My week-ending will run into some six thousand miles this summer, and as Stevenson says of voyaging in the South Seas, it seems strange to travel so far and see so little. But what people one meets and what narratives one hears! Once in a while you may encounter that rare old species of raconteur, the Lion of the Smoking-Room. As soon as he begins to talk, that luxurious retreat quickly fills up with an attentive group.

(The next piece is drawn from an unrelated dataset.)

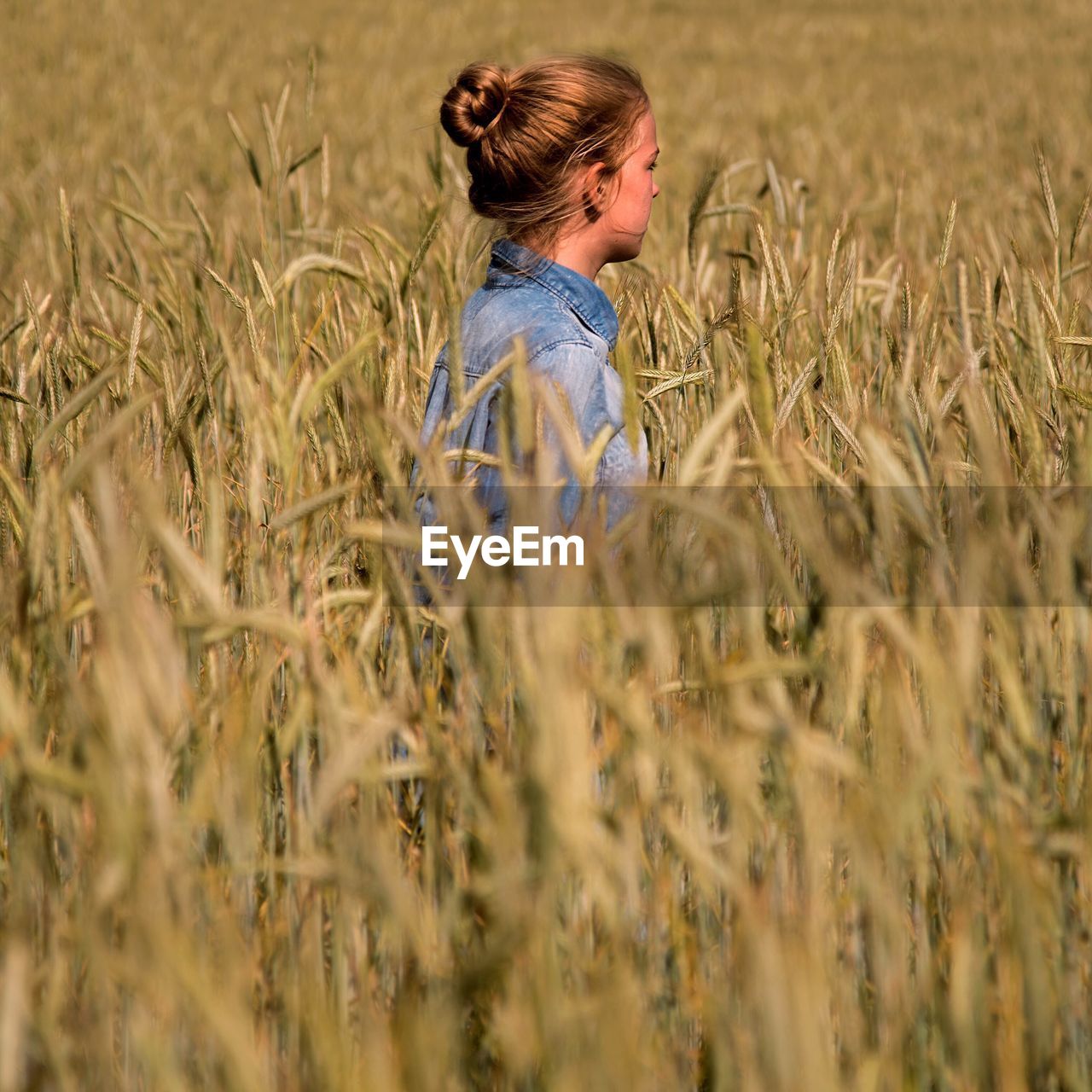 Side view of teenage girl standing amidst plants in farm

It was from a superb specimen of this vanishing race that I heard the legend of the Camels of Arizona. It would seem that long ago, before the Civil War, when Jefferson Davis was Secretary of War, it was observed that the Government Mule was not adapted to use on the American Desert. The resourceful strategists of that epoch bethought them of the oriental camel, the Ship of the Desert, and the War Department accordingly imported a number of these animals to carry supplies and ammunition to the waterless parts of the West. This picturesque experiment was not, however, successful. The loads were too heavy; the camels were less amenable to military discipline than their pictures had led Mr. Davis to suppose; and a rapprochement between them and the muledrivers proved difficult to effect. At all events, the stately creatures soon died or deserted, and the military phase of the experiment was over. But on clear nights, more especially after pay-day, the belated rancher has often seen the weird forms of them or their posterity, swinging off across the moonlit sands among the mesas.

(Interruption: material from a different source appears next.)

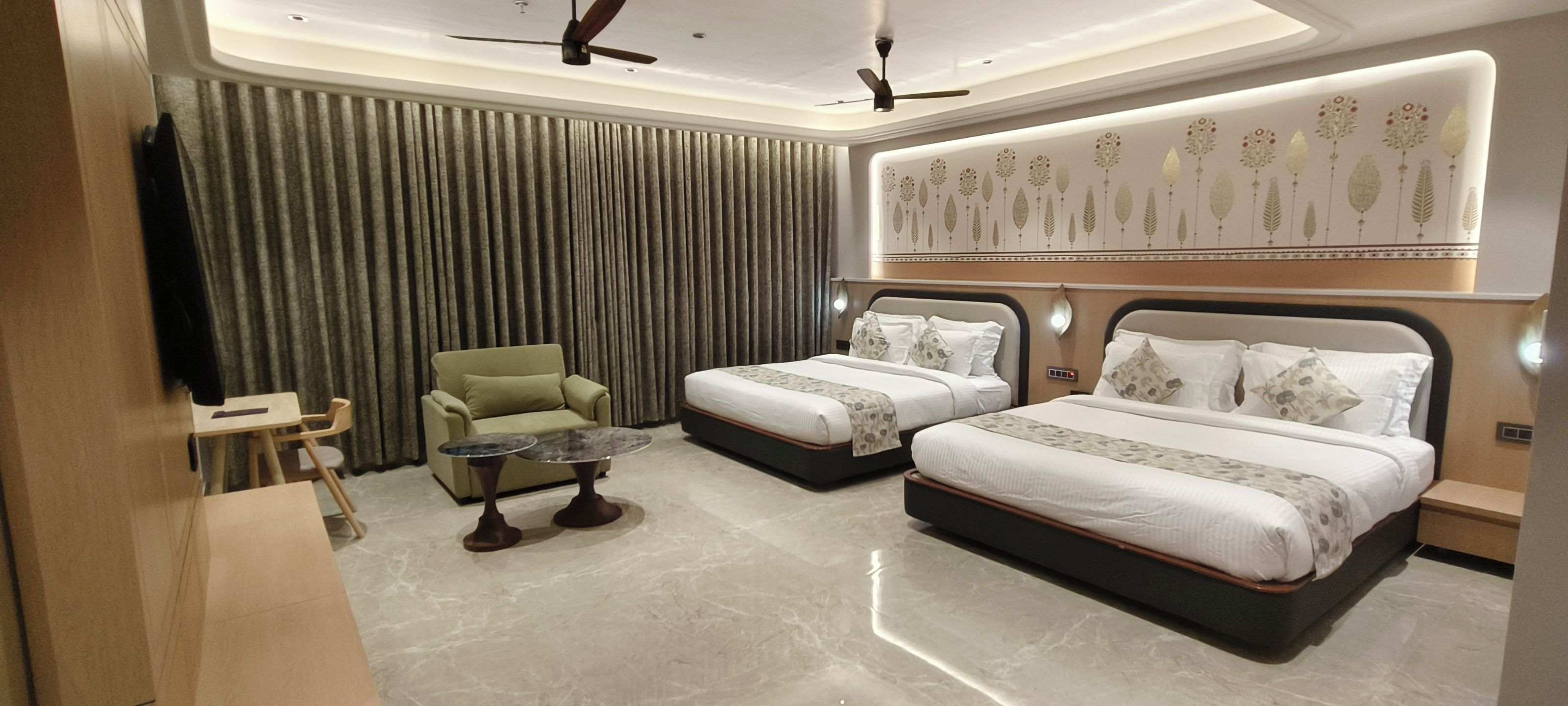 A hotel room with two beds, a sofa, a small table, and a ceiling fan.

I have not been able to substantiate this legend in any particular, and I shudder to think what a wreck historical criticism might make of it. It is not as fact that it interests me, but as imagination; as the finest example I know of the Smoking-Room Legend; or, shall we say, the Pipe Dream?

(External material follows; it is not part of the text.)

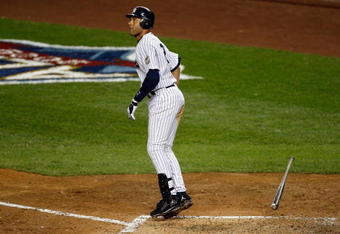 NEW YORK - OCTOBER 07:  Derek Jeter #2 of the New York Yankees hits a two run home run in the third inning against the Minnesota Twins in Game One of the ALDS during the 2009 MLB Playoffs at Yankee Stadium on October 7, 2009 in the Bronx borough of New York City.  (Photo by Jared Wickerham/Getty Images)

In my adventurous youth, I stood one evening on the Wielandshöhe, overlooking the River Neckar and the little city of Tubingen. It was a peaceful scene. Far below me a cavalcade of students, booted and spurred, rode two and two across the bridge to some distant rendezvous among the hills. Suddenly, around a bend in the river there swept into view a long raft of logs, steered down the swift stream by a little crew of lumbermen, on its way from the Black Forest to the Rhine. Instantly in all the Verein-houses that crowned the heights, windows were thrown up, heads were thrust out, and a chorus of hoots and cries filled the evening air. One corps vied with another in shouting derision at the little band of raftsmen, and the storm of sound pursued them until the raft disappeared from sight behind a hill below the town, when the uproar ceased as suddenly as it had begun.

So does the cloistered student, like the London shopman, cry out in mingled envy and derision upon the free adventurer in his quest for the pot of gold which is the week-ender’s exceeding great reward.